Meissonier was another designer who produced drawings for snuffboxes amongst his varied output (as Rococo in their form as Frederick the Great’s were in their ornament); items made after his designs were produced in London, where the presence and influence of Hubert-François  Gravelot was a catalyst.

Hubert-François Gravelot (1699-1773), An ornamental border for the general chart in John Pine’s ‘Tapestry hangings in the House of Lords’, c.1739, ink on paper, 37.5 x 60.9 cm., Cooper Hewitt Museum

Gravelot was responsible, with Hogarth, for forming the St Martin’s Lane Academy, where  he taught drawing; he produced very influential engraved ornamental designs featuring rocailles, as well as book illustrations.

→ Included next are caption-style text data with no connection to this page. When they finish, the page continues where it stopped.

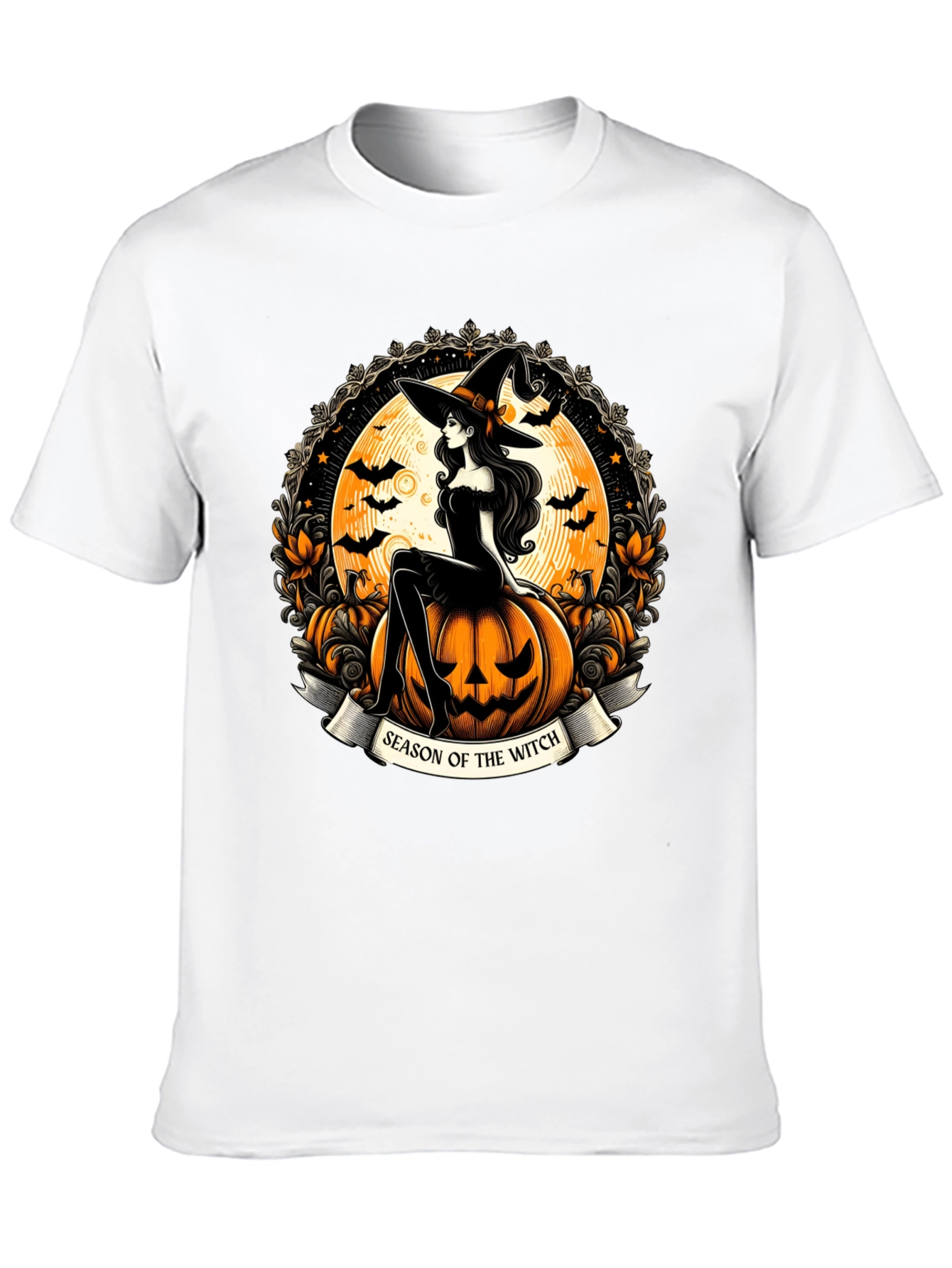 Season of the Witch Halloween Graphic T-Shirt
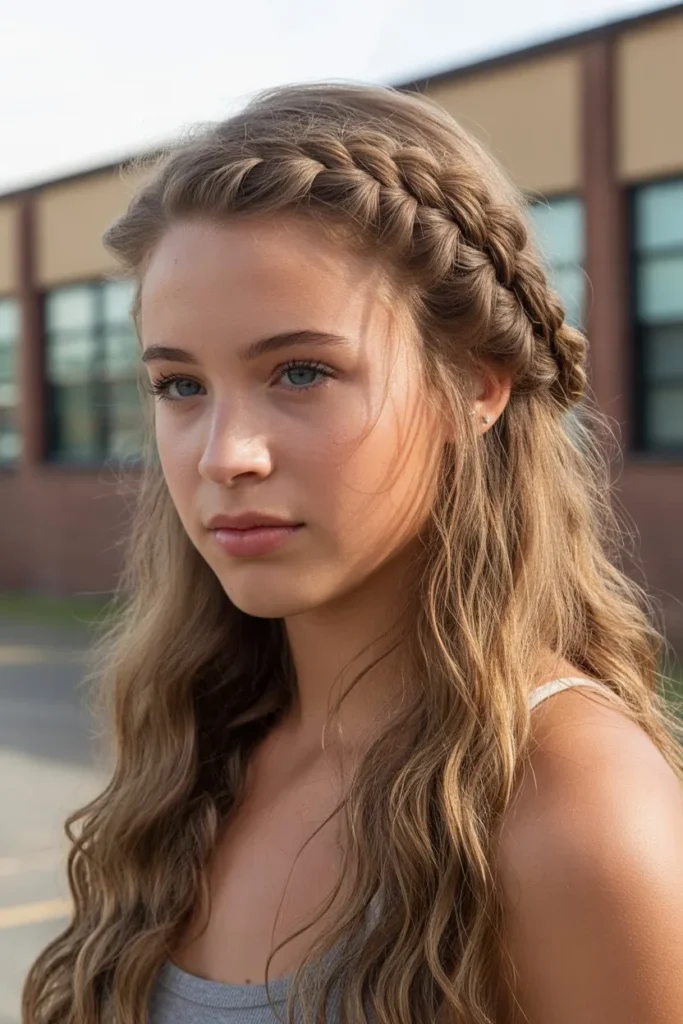 20 Simple Hairstyles for School: Quick, Cute, and Stress-Free 4 teenage girl with long wavy hair styled rdsJ6PXRTXulgx5krdWlPA QhApgMbITx2 Fq44M1 BOw cover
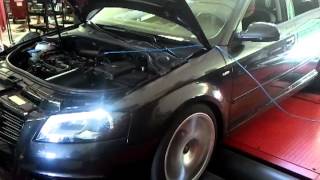 2011 Audi A3 DSG K04 Dyno [upl. by Enomaj]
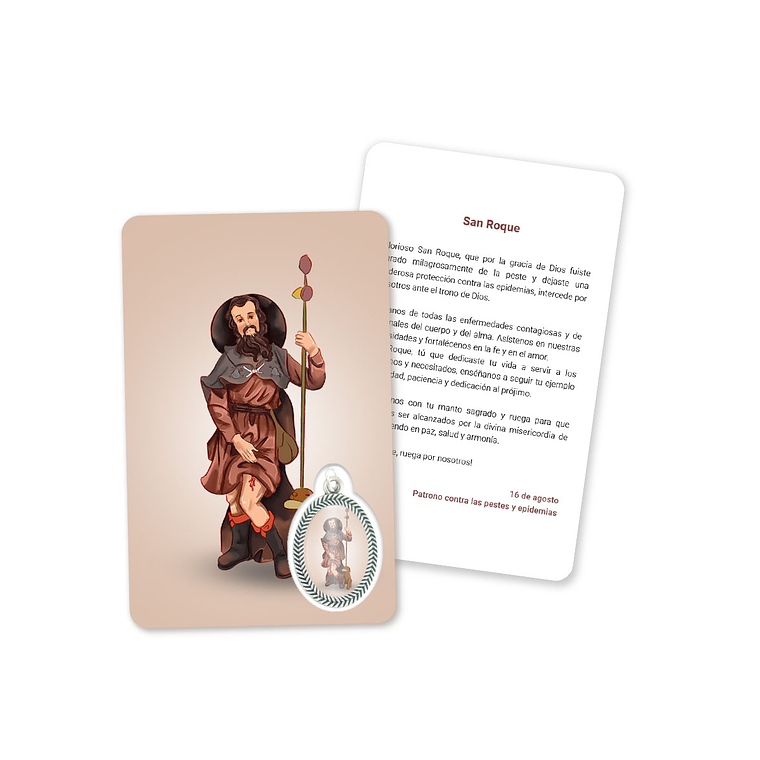 Prayer's card to Saint Roch 2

French silk chasuble panel, c.1730-40, with gold & silver thread, 98 x 63 cm., Chiswick Auctions, 12 December 2019, Lot 64

18th century Italian fragment of embroidered silk damask, 10 x 13 ½ ins, V & A

As well as engraved designs, French and Italian (particularly Venetian) silks were a major route for the diffusion of Rococo patterns, although London was the global centre for silk-weaving for most of the 18th century [4]. This branch of the decorative arts was especially important for both imports and exports – the raw materials moving across the world to centres of weaving, and the finished products moving outwards, in different directions.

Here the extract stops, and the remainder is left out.